Abdominal radiogram usually reveals renal calculi . Although ultrasound findings may be characteristic, the preferred imaging method is an enhanced CT of the abdomen and pelvis. CT typically reveals a non or poorly functioning kidney, diffuse enlargement of the kidney, a contracted renal pelvis with a staghorn calculus, dilated calyces with thinning of the cortex (bear paw sign), and perinephric inflammatory changes [1-6]. Extrarenal involvement may present as perirenal abscesses, which can involve adjacent organs (psoas muscle, pancreas, colon) [1,3,4,6].

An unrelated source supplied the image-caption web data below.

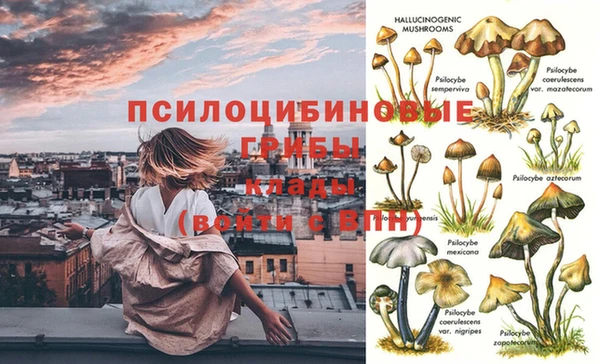 гидропоника Верхнеуральск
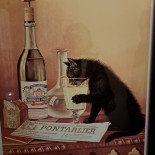 Bluefin Boisson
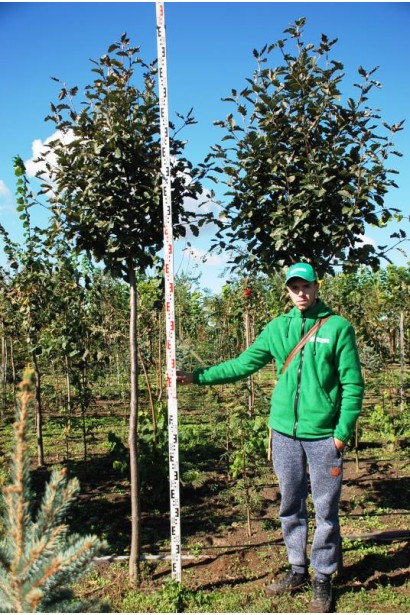 Sorbus intermedia – універсальне дерево для озеленення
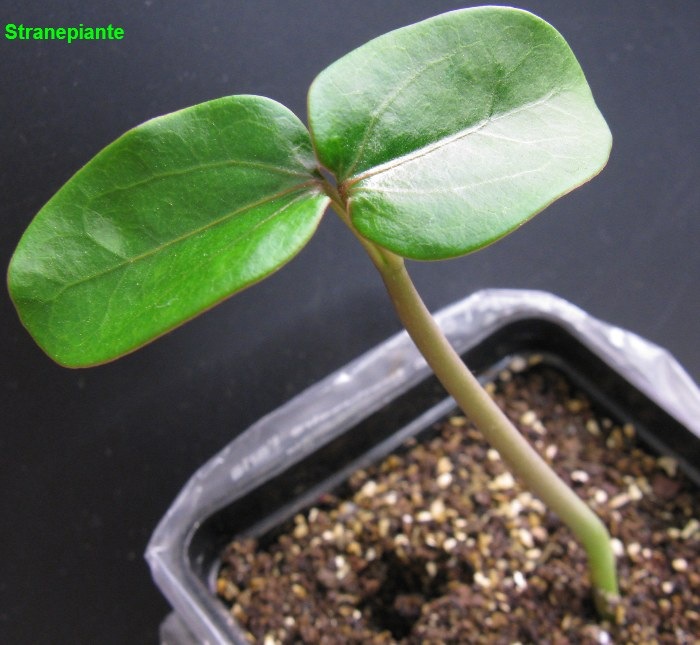 [jatropha%2520podagrica%2520cotiledoni%255B2%255D.jpg]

With diffuse XGP, CT allows a confident diagnosis in most cases because of the presence of a highly specific set of features . When typical findings are not present, as is the case of focal XGP, the diagnosis is more challenging, and other entities, such as renal abscess or carcinoma, need to be considered [3,4].
XGP is associated with high mortality if untreated . Preoperative management with antibiotics and early surgical intervention (partial or total nephrectomy) are key factors for successful treatment , with CT playing a key role in adequate preoperative planning due to accurate assessment of the extrarenal involvement if present .
This patient was submitted to nephrectomy and the pathological examination confirmed the suggested imaging diagnosis.
Written informed patient consent for publication has been obtained.